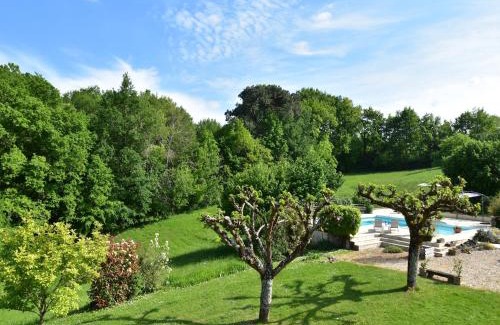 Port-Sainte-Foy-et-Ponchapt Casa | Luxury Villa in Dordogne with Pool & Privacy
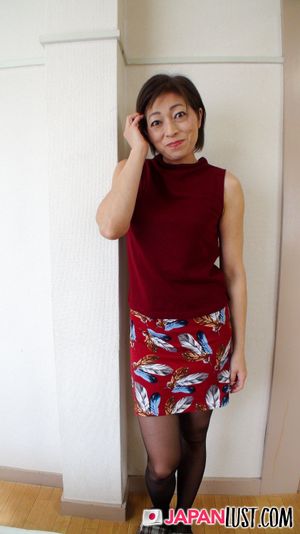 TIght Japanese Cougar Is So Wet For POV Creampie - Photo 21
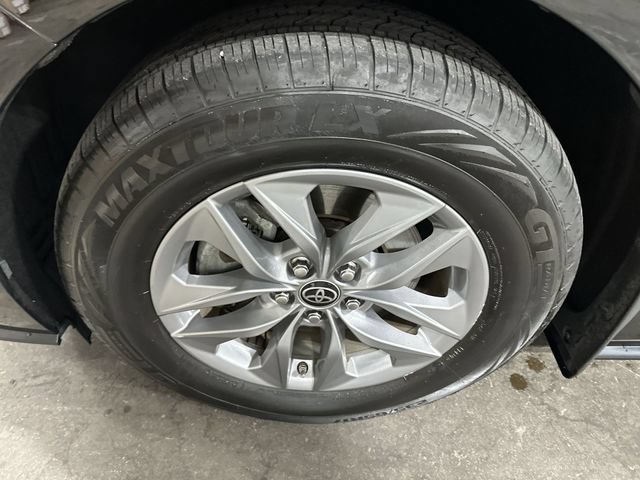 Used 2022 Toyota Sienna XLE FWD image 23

* * *

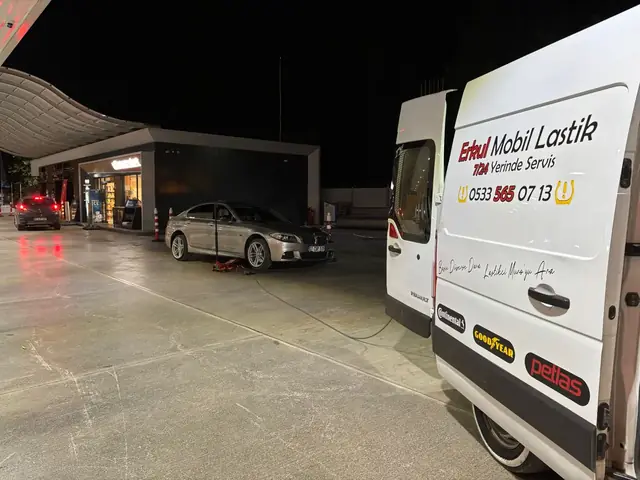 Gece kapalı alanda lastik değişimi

--

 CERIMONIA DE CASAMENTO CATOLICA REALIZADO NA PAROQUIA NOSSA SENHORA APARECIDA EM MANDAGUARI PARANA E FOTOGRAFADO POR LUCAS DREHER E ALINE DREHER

PROBLEM DESCRIPTION:
Look back at the data above, then output exactly the lines from the line holding "Port-Sainte-Foy-et-Ponchapt Casa |" up to and including the line holding "Used 2022 Toyota Sienna XLE FWD image 23". Leave out the pictures.

ANSWER TO THIS TASK:
 Port-Sainte-Foy-et-Ponchapt Casa | Luxury Villa in Dordogne with Pool & Privacy
 TIght Japanese Cougar Is So Wet For POV Creampie - Photo 21
 Used 2022 Toyota Sienna XLE FWD image 23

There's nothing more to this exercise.